The answers to these questions will give you a better idea of whether the product offered by any potential purchase order financing company will work with your business’s needs. Chris Curtin, the director of Paragon Financial Group, offers the following advice:
Pros & Cons of Purchase Order Financing
When deciding whether to apply for purchase order financing, it is important to consider some benefits and drawbacks. Compared to other financing options it has low qualification requirements and is very flexible for covering cash flow gaps. However, it can also be very expensive, is only available for short-term funding, and requires your customer to work directly with your lender.
Pros of Purchase Order Financing
The benefits of purchase order financing are:
- Low qualification requirements: Purchase order funding companies don’t require you to have an established business or a high personal credit score. However, PO financing companies will check the creditworthiness of your customers before approving any funding.
- No personal guarantee requirements: Unlike a business loan or line of credit, PO financing does not usually require you to provide a personal guarantee when you accept funding. However, depending on how your business is structured, you may be on the hook in the event of default.
- Flexible for covering cash flow gaps: The flexibility for covering cash flow gaps is an outstanding benefit of PO financing. By freeing up cash that would otherwise be invested in goods in transit, your business can invest the money where it’s most needed.
Cons of Purchase Order Financing
The drawbacks of purchase order financing are:
- Potentially high costs: At first glance, the rates for PO financing may appear low, but they are quoted on a monthly basis. With each of the parties able to delay the delivery of payments and goods, your costs will increase quickly, making the financing more expensive.
- Only available for short-term funding: Purchase order funding companies expect to be paid by your customer within 60 days of providing funding. Compared to a business loan that can be paid over three years, this is a short-term funding option.
- Requires customers to work with your lender: By using PO financing, your customers will need to pay your lender directly. In many industries where purchase order financing is common, this won’t be a problem. However, you should consider the potential risk to your business’s reputation that could result from the direct relationship.

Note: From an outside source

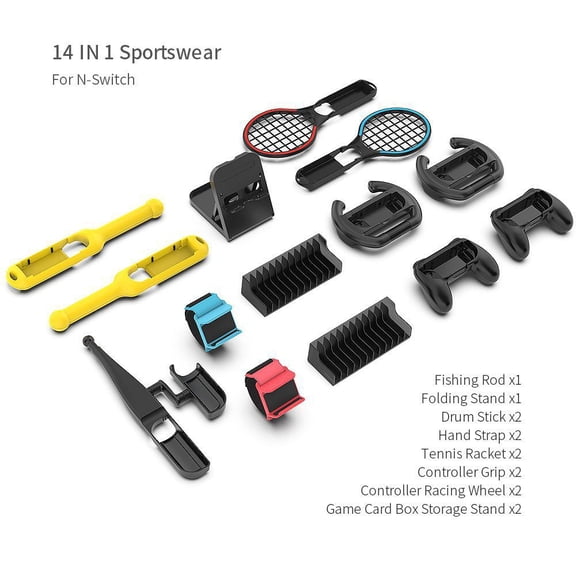 Switch 14-in-1 Sports Game Accessories Bundle - Steering Wheel, Tennis Racket, Grip, Drum Stick, Wrist Strap & Game Disc Stand for Nintendo Switch/OLED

Alternatives to Purchase Order Financing
Purchase order financing is an expensive funding option for small businesses. As an alternative, qualifying borrowers can receive short-term business loans for large one time purchases. They can also factor B2B and B2G invoices to increase cash on hand and fund growth. Finally, inventory financing is a great option if your business is seasonal or growing quickly and needs inventory to meet customer demand.
Some good alternatives to purchase order financing are:
Short-Term Business Loans
Short-term business loans can be a great financing option for one-time expenditures like purchasing inventory or machinery. The best short-term loans have an online application and can get you funded in one business day for up to $500,000. It’s typically best for large one-time purchases, due to its longer repayment terms and large funding amounts.
With outstanding B2B or B2G invoices, businesses can access funding with invoice factoring. The best invoice factoring companies advance up to 90%, and will sometimes collect invoices directly from your customers. They can even help with delinquent invoices to get your business on track.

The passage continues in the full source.